Work to be completed — Give again, word for word, the lines below that run from the line with "Button Love Seat White Thumbnail Image" through the line with "Damen Elegantes Maxi-Kleid". Drop the pictures.

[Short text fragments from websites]

########

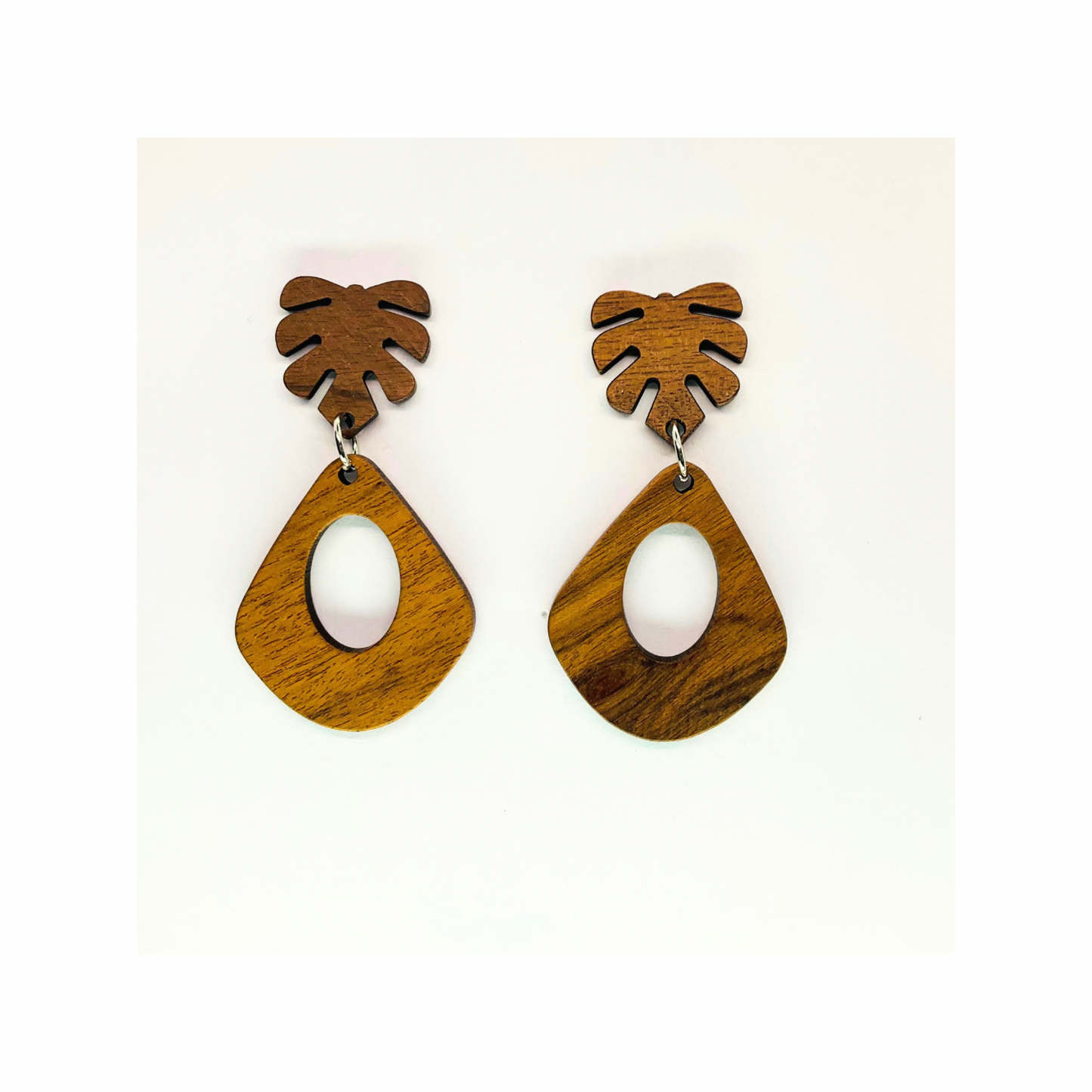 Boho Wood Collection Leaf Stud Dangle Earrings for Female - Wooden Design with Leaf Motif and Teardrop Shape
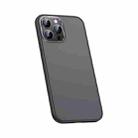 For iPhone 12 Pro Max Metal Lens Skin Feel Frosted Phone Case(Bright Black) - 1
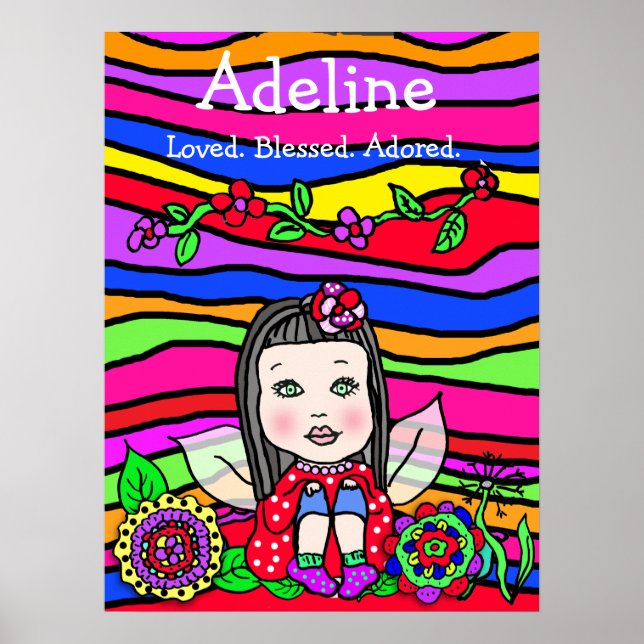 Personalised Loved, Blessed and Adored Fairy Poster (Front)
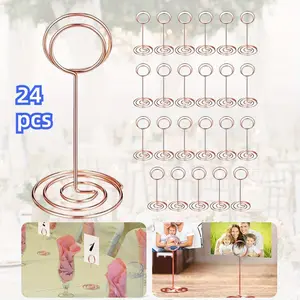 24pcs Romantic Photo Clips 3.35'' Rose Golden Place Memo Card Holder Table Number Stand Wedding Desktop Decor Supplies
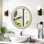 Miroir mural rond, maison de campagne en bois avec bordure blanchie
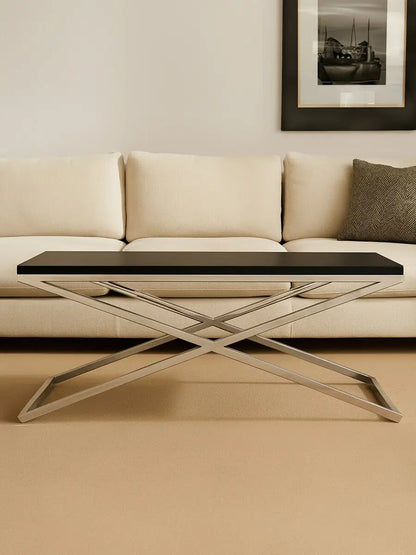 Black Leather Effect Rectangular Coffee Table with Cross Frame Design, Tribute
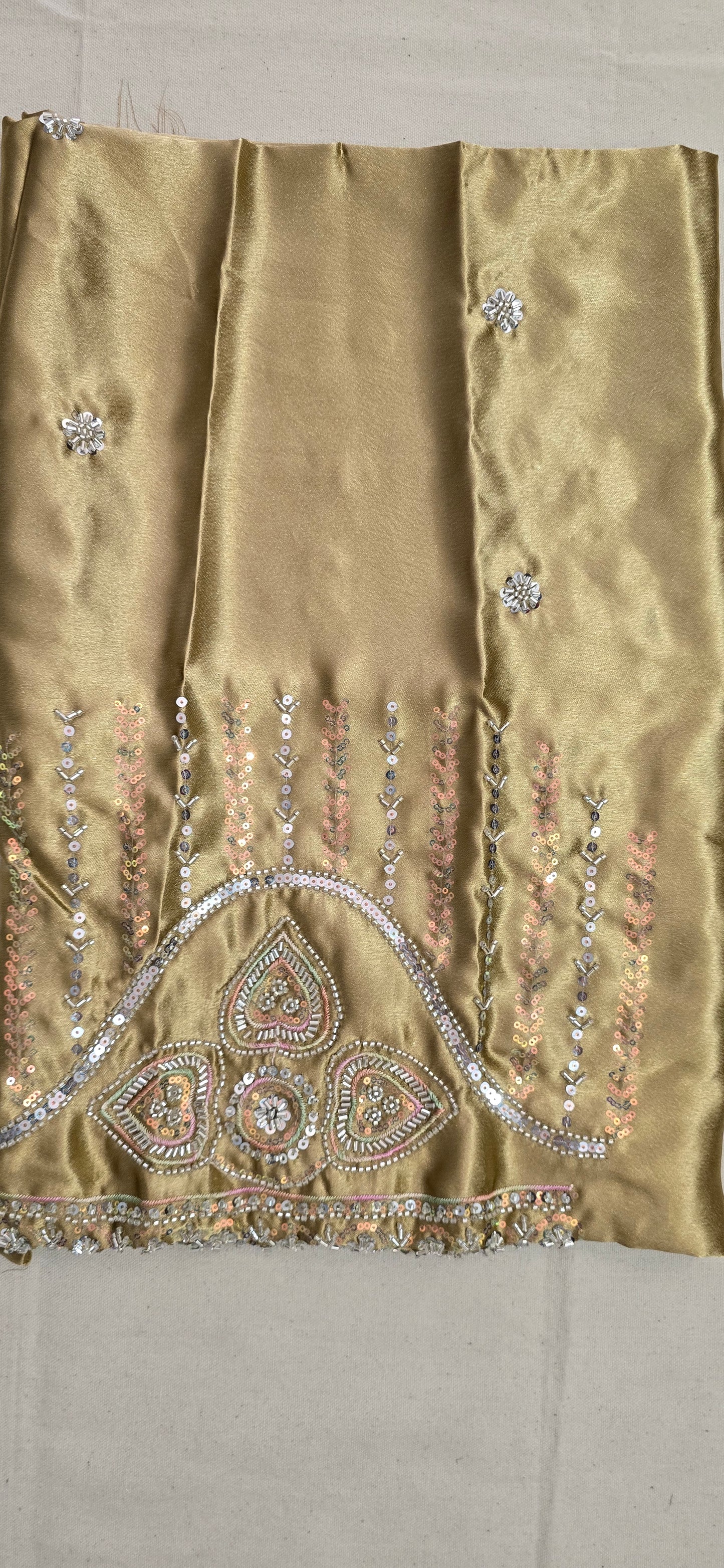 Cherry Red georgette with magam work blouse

########

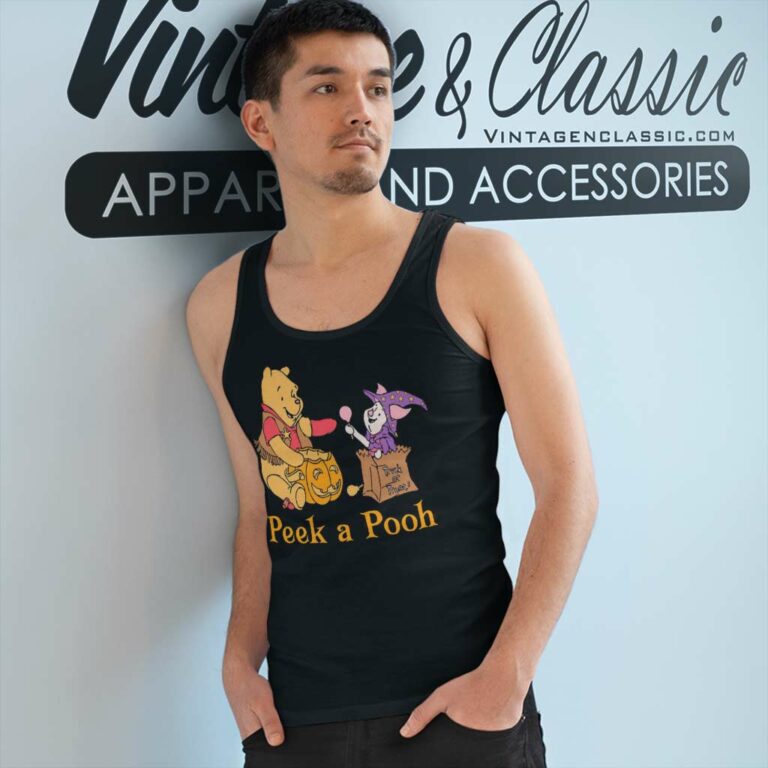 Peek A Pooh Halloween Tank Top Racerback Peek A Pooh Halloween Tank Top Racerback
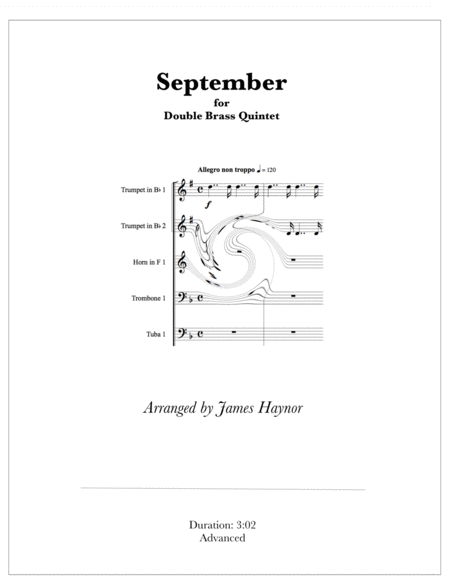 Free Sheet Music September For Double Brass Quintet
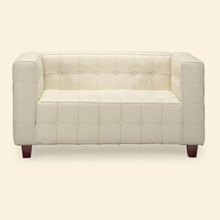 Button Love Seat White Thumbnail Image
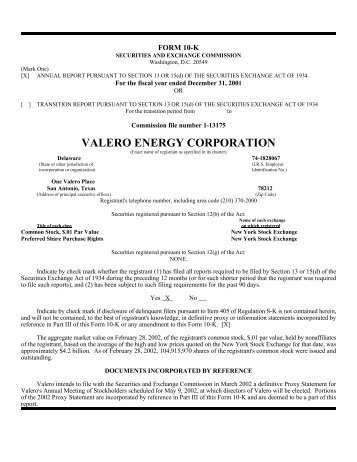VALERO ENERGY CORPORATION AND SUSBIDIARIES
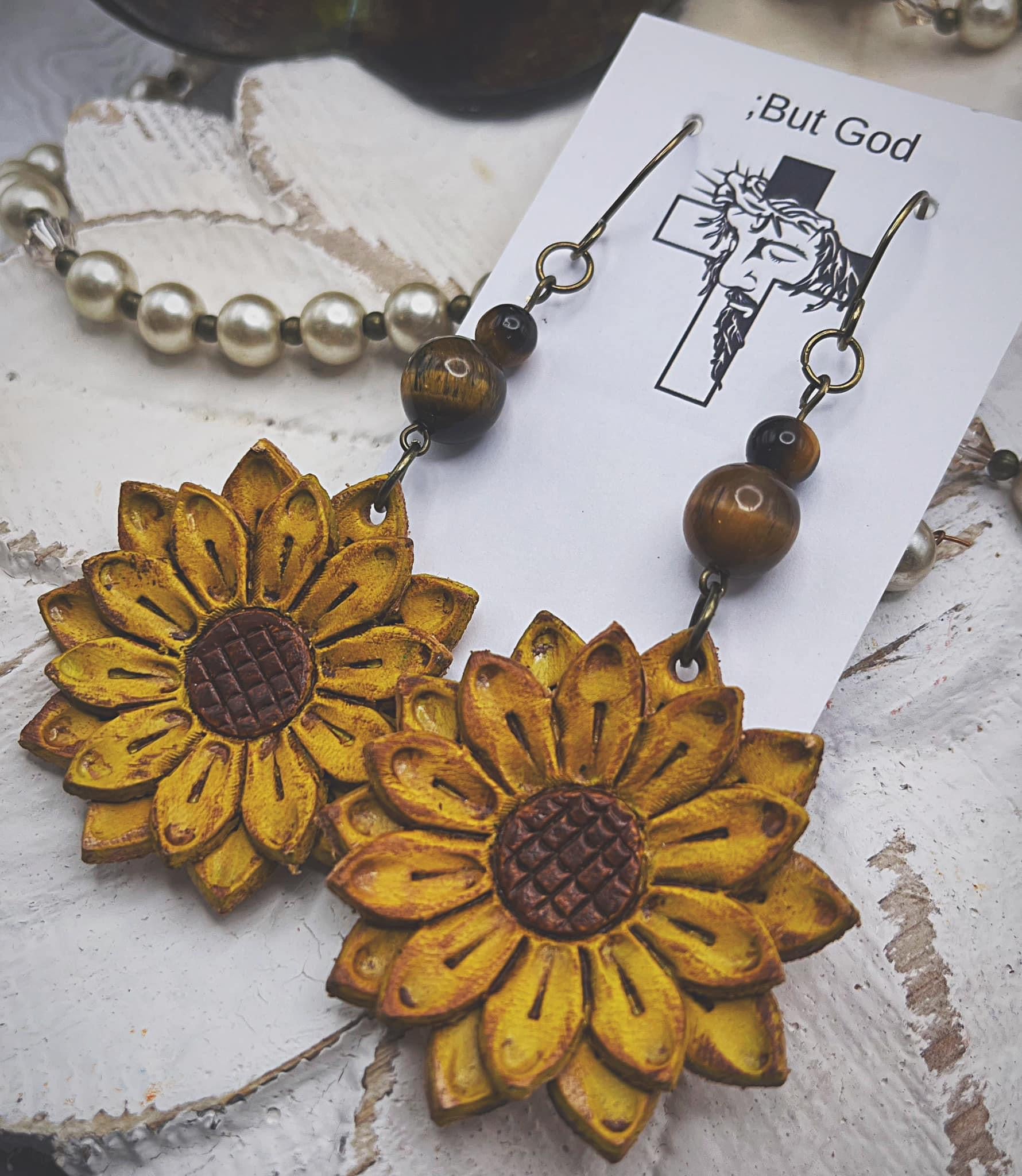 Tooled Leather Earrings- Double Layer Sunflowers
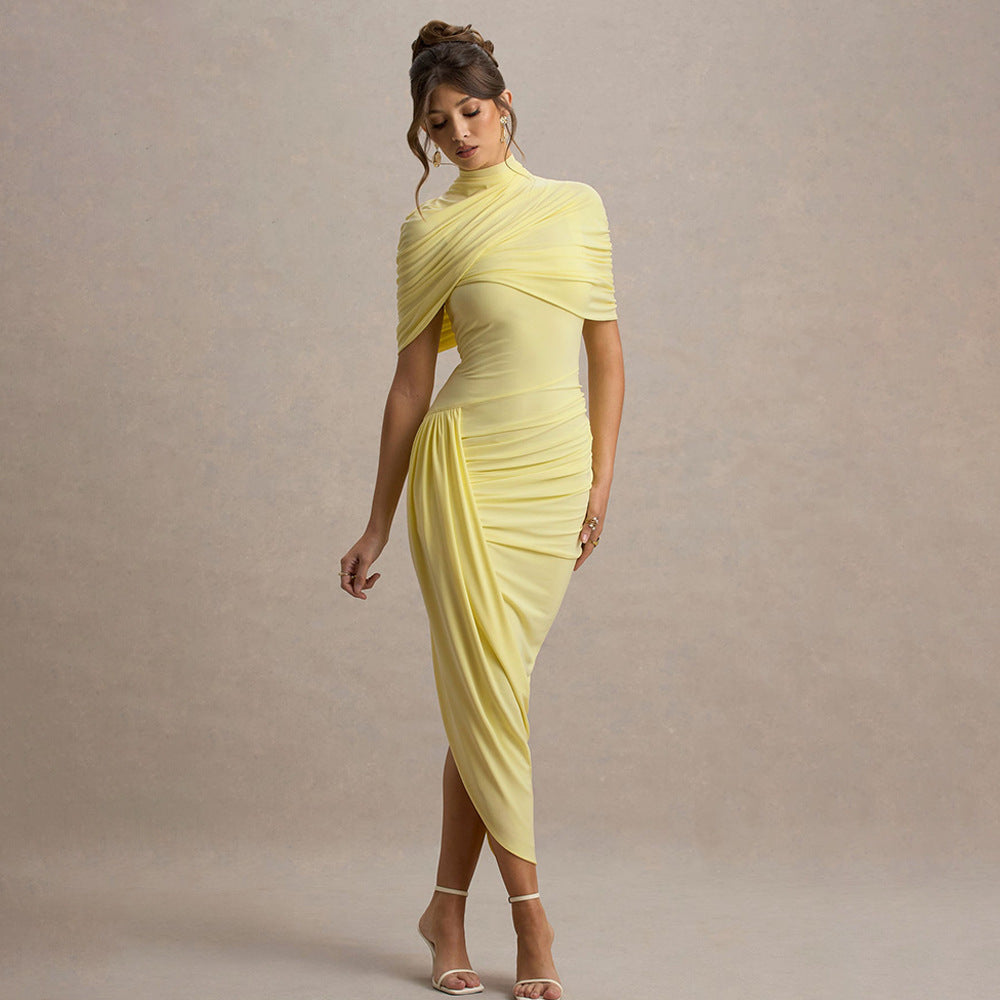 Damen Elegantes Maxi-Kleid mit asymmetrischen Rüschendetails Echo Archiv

########

Expected answer —
 Button Love Seat White Thumbnail Image
VALERO ENERGY CORPORATION AND SUSBIDIARIES
 Tooled Leather Earrings- Double Layer Sunflowers
 Damen Elegantes Maxi-Kleid mit asymmetrischen Rüschendetails Echo Archiv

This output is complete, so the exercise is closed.